On Wed, 11 Jun 2003, Andi Kleen wrote:
> eth_type_trans checks the ethernet protocol ID and sets the
> unicast L2 type.
> Some NICs have bits in the RX descriptor for most of them. They have a
> "packet is TCP or UDP or IP" bit and also a bit for unicast or sometimes
> even multicast/broadcast. So when you have the RX descriptor you
> can just derive these values from there and put them into the skb
> without calling eth_type_trans or looking at the cache cold header.
> Then you do a prefetch on the header. When the packet reaches the
> network stack later the header has already reached cache and it can be
> processed without a memory round trip latency.
I have done prefetching experiments with a NAPIezed sb1250.c driver on
MIPS. I never got rid of eth_type_trans() just prefetched skb->data
a few lines before calling it. I did see eth_type_trans() almost
disappear from the profile (it was way low to be important).
Andis idea is even more interesting.
I did see i think about 10Kpps more in throughput.
Robert, this means our biggest bottleneck right now is cache misses.
The MIPS processor i am playing with is SMP and has a large shared L2
cache. What i am observing is that this is quiet useful for SMP.

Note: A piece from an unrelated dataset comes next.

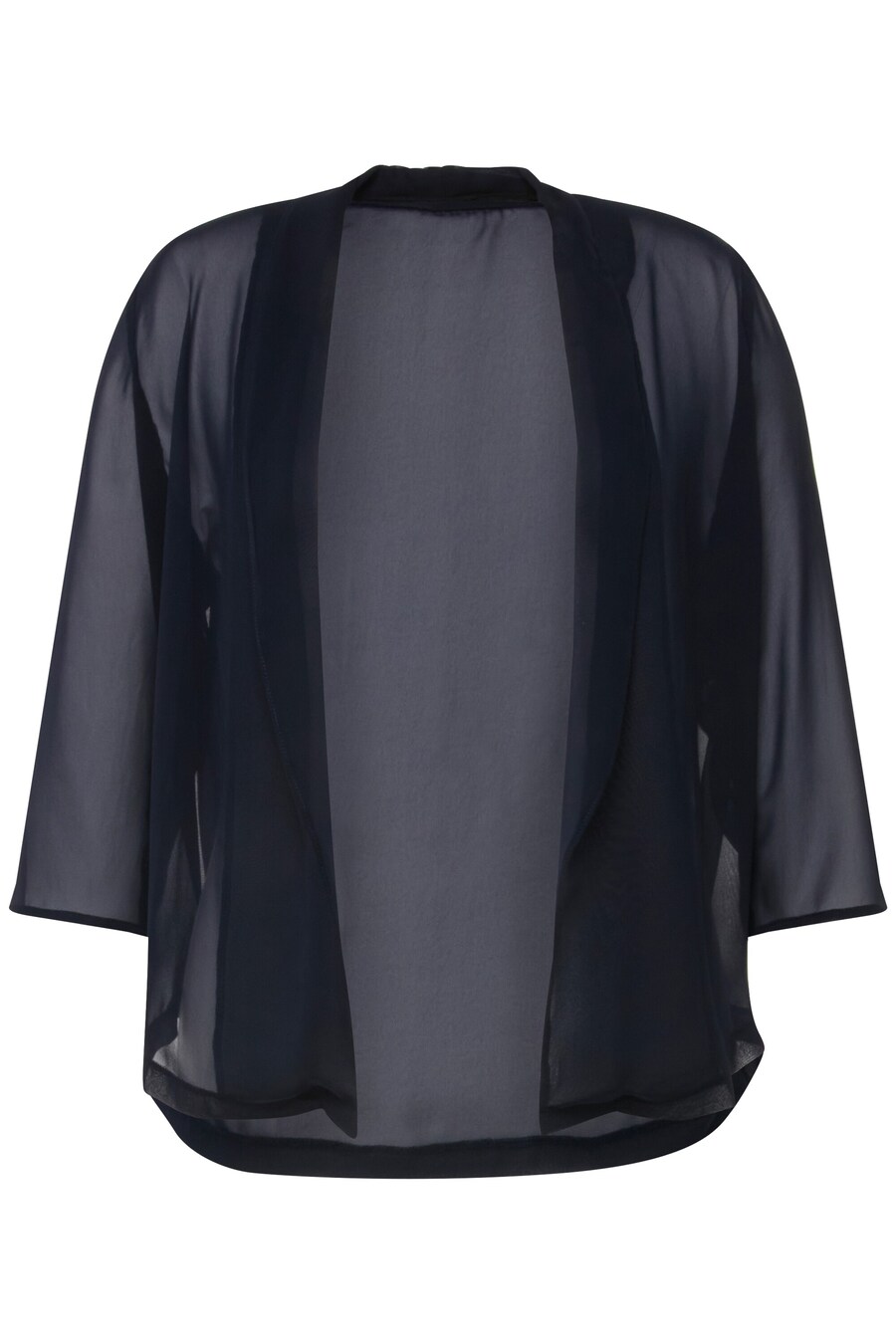 

Всесезонная куртка Ulla Popken Between-Season Jacket, морской синий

I am limited by how much traffic i can generate right now to test it
more. I can do 295Kpps L3 easy. This board is an excuse for you to
come down to Ottawa in July ;->
> On some cards it doesn't work for all packets or can be only done
> if you don't have any multicast addresses hashed (that's the case
> for the e1000 if I read the header bits correctly). The lxt1001
> (old EOLed card) can do it for all packet types.
So can the sb1250. I'll try this out.
> Often prefetch size is limited so you should not prefetch more
> than what you can store until the packet reaches the stack.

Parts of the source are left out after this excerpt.